I'm just beginning to learn basic C++ syntax and I'm slightly confused on a piece of code I came across.

For a class created called MyString, there was an operator overloading defined as:

ostream& operator<<(ostream& os, const MyString& s)
{
    os << s.data;
    return os;
}

Then in some driver function the statement:

cout << s3 << endl;

Is ran, where s3 is of object type MyString. The result prints out the value of s3.

I don't quite understand how this statement functions. After messing with it it seems like a copy constructor is called once and then 3 objects are deconstructed. How exactly does this line work? It seems like the operator accepts a reference to an ostream and MyString, but isn't endl neither? Also why would there only be 1 copy constructor called when there are two instances of the "<<" used? Maybe I'm not even asking the right questions or my questions don't even make sense because I feel really confused about what is going on in these lines. If that is the case, can someone please expound on just a general explaination of what is going on?

Answer 1

This is a very general question, but I'll try to clear up your misunderstandings.

When you say ostream& operator<<(ostream& os, const MyString& s) { ... }, you're just defining a function that takes an ostream& as the first parameter and a const Mystring& as the second parameter, and returning an ostream&. The function happens to be named operator<< and can be called by the shorthand syntax x << y to call operator<<(x, y).

When you do cout << s3 << endl;, it is the same as doing operator<<(operator<<(cout, s3), endl);.

Neither the copy constructor nor the destructor for MyString is being called from this code. The messages you are seeing are from somewhere else.

Answer 2

You can break it down a bit:

cout // this is the ostream your inserting to (stdout)
  << s3 // this calls your defined operator that writes s.data
  << endl; // this calls the operator<< for std::endl

ostream& operator<<(ostream& os, const MyString& s)
{
    // here os is the ostream (stdout) you're using via cout
    // s is s3 that you passed in
    os << s.data; // this calls operator<< for data
    return os; // this returns the reference so the subsequent call to << endl can append to the stream
}

Answer 3

The MyString copy constructor is not needed to call this statement, because MyString is passed as a reference to the custom operator<< for MyString.

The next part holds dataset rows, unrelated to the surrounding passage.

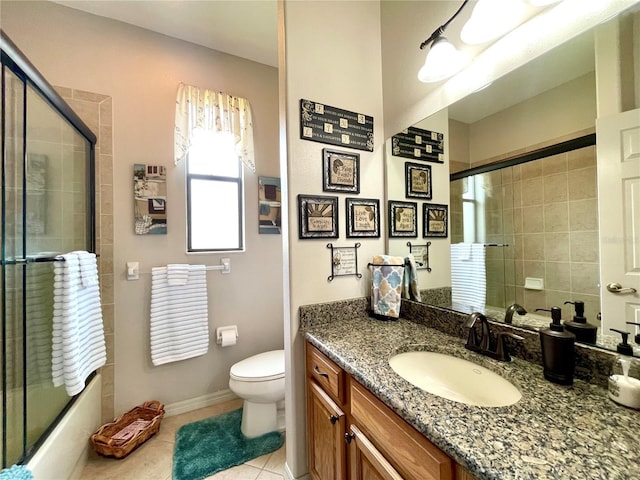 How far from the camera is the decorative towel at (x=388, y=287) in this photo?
1.38 meters

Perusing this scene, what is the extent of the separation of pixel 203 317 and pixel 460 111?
7.08 feet

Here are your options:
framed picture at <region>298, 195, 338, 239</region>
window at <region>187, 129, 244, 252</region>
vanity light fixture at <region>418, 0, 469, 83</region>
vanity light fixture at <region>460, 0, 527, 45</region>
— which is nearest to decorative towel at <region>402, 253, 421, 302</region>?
framed picture at <region>298, 195, 338, 239</region>

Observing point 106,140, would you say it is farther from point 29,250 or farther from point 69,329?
point 69,329

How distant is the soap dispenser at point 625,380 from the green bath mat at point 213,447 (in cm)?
172

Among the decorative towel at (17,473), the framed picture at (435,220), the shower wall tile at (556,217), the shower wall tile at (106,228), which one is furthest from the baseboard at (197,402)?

The endl is not sent to the custom operator<< for MyString.

Answer 4

I guess the copy constructor could be generated by your compiler for cout. A stream is a rather complex object, but the choice of c++ is to provide such syntax sugar (like inline constructors) to abstract some detail. The other answers already pointed out the essential point that using references no copy is performed for parameter passing.

Answer 5

Rules of the language says that if a non member function (operator<< is a non-member function of class MyString) is defined in the same namespace as MyString than this non member function can be chosen by the compiler to resolve that call (as explained by one of the respondents) I do not use here the standard terminology, if anybody has a more accurate description of this principle please let us know.